India recorded three-fold increase, by planting 1.3 million hectares of Bt cotton in 2005 compared to 500,000 hectares in 2004. Around 10 lakh resource poor farmers elected to plant Bt cotton in the northern, central and southern cotton growing zones which is a three-fold increase over 2004. During the year, 16 new varieties of Bt cotton hybrids belonging to four companies (Ankur Seeds, Mahyco-Monsanto, Nuziveedu Seeds and Rasi Seeds) were released totaling to 20 Bt cotton hybrids. Three companies (JK AgriGenetics, Nath Seeds, Syngenta) received permission for large-scale field trials of biotech cotton with different genes in 2005. Presently, more than 25 companies are developing different varieties of biotech cotton hybrids with different genes and with staked genes/multiple traits i.e., cry1Ac, cryAb, GFM-cry1Aa, Vip-3a, cry1Ac+cry2Ab said the report.

The University of Agricultural Sciences, Dharwad along with the Central Institute for Cotton Research (CICR), Nagpur is developing its own biotech cotton varieties employing Bt gene and is likely to be made available to farmers soon. The approval of more numbers of Bt cotton hybrids is likely to grow further in 2006 and researchers are exploring the future potential for multiple traits in biotech cotton.

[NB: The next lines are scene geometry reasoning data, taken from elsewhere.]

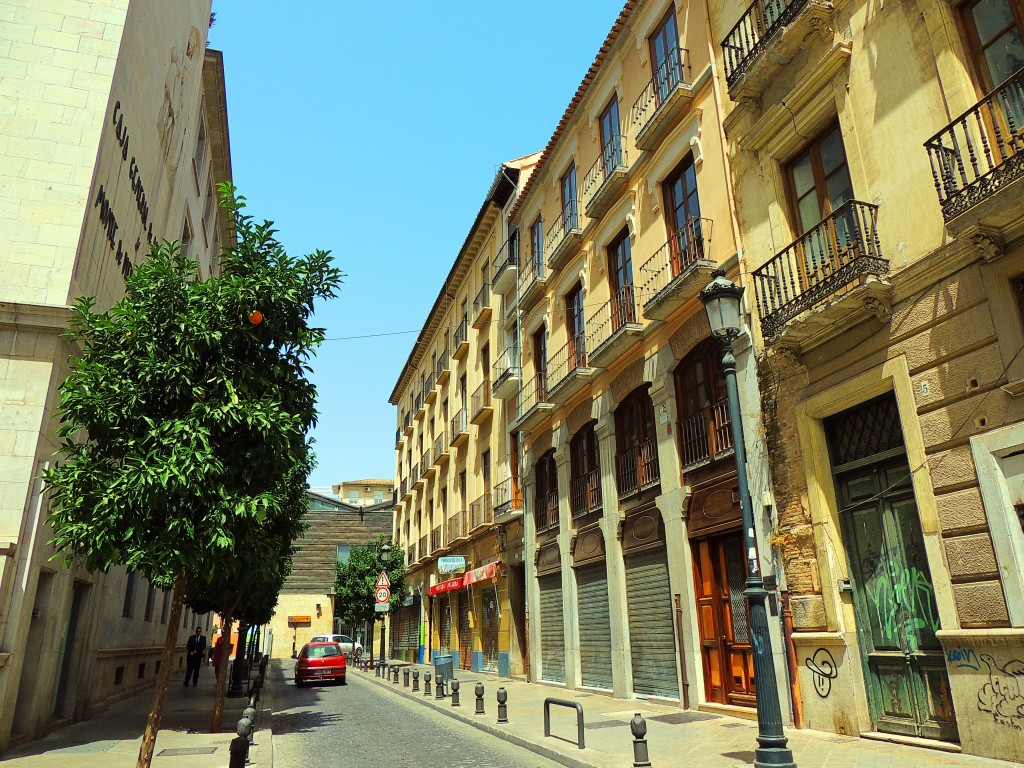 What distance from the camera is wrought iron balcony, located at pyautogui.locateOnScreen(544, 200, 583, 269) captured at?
18.4 m

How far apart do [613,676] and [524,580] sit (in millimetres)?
7481

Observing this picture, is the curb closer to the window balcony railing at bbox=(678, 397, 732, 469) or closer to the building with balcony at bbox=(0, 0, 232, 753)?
the window balcony railing at bbox=(678, 397, 732, 469)

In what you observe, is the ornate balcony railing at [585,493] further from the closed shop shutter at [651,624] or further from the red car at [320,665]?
the red car at [320,665]

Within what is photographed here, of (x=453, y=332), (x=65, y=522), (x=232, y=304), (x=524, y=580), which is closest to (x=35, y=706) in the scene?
(x=65, y=522)

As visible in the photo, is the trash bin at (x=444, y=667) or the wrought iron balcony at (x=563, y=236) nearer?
the trash bin at (x=444, y=667)

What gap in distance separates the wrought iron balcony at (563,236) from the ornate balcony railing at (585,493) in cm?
595

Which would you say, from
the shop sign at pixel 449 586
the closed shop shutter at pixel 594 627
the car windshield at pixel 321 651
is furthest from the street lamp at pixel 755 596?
the shop sign at pixel 449 586

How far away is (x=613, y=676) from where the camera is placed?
15.0 metres

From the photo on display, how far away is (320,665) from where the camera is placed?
2369 cm

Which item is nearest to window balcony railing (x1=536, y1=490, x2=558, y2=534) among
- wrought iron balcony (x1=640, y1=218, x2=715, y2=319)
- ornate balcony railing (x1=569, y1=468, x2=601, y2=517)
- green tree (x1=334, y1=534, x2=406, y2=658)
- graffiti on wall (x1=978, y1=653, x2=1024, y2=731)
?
ornate balcony railing (x1=569, y1=468, x2=601, y2=517)

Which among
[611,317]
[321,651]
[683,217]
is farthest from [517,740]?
[321,651]

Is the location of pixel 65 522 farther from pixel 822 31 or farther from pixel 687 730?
pixel 822 31

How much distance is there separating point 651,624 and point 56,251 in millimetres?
12862

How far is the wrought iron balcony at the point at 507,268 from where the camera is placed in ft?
77.6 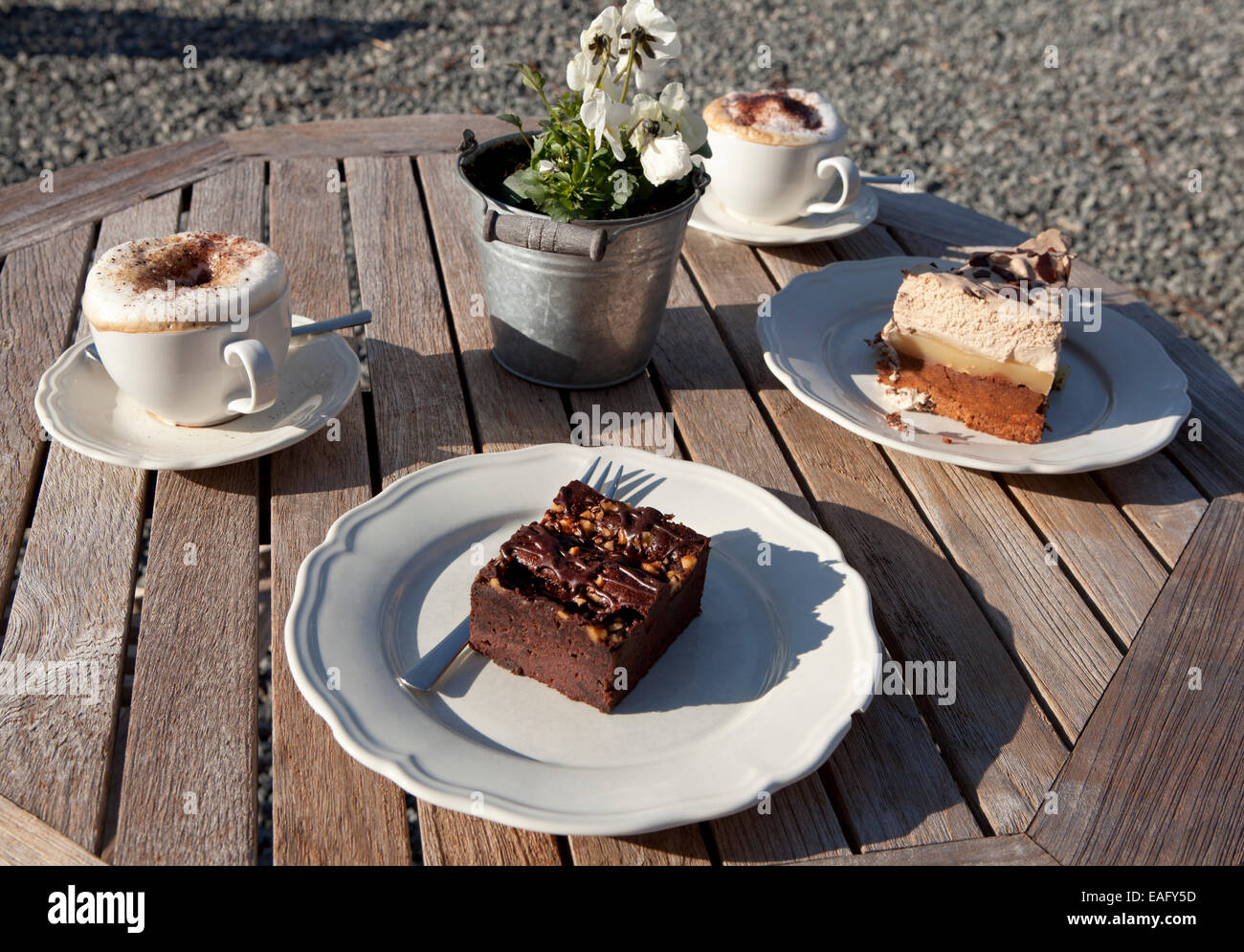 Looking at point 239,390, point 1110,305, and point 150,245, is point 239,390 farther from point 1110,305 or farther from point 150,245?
point 1110,305

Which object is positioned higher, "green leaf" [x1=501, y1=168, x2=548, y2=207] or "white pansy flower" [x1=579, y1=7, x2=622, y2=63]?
"white pansy flower" [x1=579, y1=7, x2=622, y2=63]

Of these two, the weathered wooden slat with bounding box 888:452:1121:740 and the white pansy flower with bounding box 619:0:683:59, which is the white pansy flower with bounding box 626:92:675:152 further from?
the weathered wooden slat with bounding box 888:452:1121:740

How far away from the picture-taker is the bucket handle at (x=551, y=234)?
1575 mm

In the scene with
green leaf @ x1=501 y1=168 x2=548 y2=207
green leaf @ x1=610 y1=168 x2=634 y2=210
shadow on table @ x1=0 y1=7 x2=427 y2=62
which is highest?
green leaf @ x1=610 y1=168 x2=634 y2=210

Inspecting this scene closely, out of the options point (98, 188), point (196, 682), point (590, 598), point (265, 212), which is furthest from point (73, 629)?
point (98, 188)

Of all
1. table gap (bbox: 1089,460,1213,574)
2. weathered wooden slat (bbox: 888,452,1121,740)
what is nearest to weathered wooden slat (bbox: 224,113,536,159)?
weathered wooden slat (bbox: 888,452,1121,740)

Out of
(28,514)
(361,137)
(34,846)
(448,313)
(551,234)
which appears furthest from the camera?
(361,137)

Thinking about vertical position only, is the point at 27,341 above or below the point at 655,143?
below

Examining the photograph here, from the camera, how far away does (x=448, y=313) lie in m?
2.00

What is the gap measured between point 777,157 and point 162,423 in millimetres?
1324

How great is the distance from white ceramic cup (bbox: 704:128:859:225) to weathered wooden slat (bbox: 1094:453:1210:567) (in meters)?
0.84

Summing up the global biotech crop scenario, the report stated that worldwide farmer demand has driven annual double-digit increases in biotech crop adoption since the crops were commercialized a decade ago. In 2005, four new countries and a quarter million more farmers planted biotech crops as part of an 11 percent increase in global biotech crop area. Since initial commercialization in 1996, global planted area of biotech crops has soared by more than fifty-fold from 1.7 million hectares in six countries to 90 million hectares in 21 countries in 2005. The 8.5 million farmers planting biotech crops in 2005 also marked a significant milestone as the 1 billionth cumulative acre or 400 millionth hectare was planted.

Further there has been a lot of bioagri research happening in India. There has been work going on in transgenic brinjal, rice, corn, chicken pea, and several other food crops. If the policy to allow the transgenic foods is announced, the events are expected to turn even faster.